## Exercise
Copy each line below in which the word "that" occurs.

## Given data
###

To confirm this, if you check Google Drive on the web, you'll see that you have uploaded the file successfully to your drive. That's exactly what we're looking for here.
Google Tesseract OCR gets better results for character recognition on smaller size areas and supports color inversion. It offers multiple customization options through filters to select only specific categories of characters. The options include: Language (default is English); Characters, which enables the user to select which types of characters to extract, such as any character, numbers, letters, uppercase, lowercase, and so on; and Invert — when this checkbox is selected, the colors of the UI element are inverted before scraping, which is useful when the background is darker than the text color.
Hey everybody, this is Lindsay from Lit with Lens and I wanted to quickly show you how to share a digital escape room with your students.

###

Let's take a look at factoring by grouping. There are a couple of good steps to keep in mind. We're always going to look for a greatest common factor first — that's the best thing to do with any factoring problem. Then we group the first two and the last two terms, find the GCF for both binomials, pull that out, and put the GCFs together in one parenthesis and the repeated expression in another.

###

## Answer to this task
To confirm this, if you check Google Drive on the web, you'll see that you have uploaded the file successfully to your drive. That's exactly what we're looking for here.
Let's take a look at factoring by grouping. There are a couple of good steps to keep in mind. We're always going to look for a greatest common factor first — that's the best thing to do with any factoring problem. Then we group the first two and the last two terms, find the GCF for both binomials, pull that out, and put the GCFs together in one parenthesis and the repeated expression in another.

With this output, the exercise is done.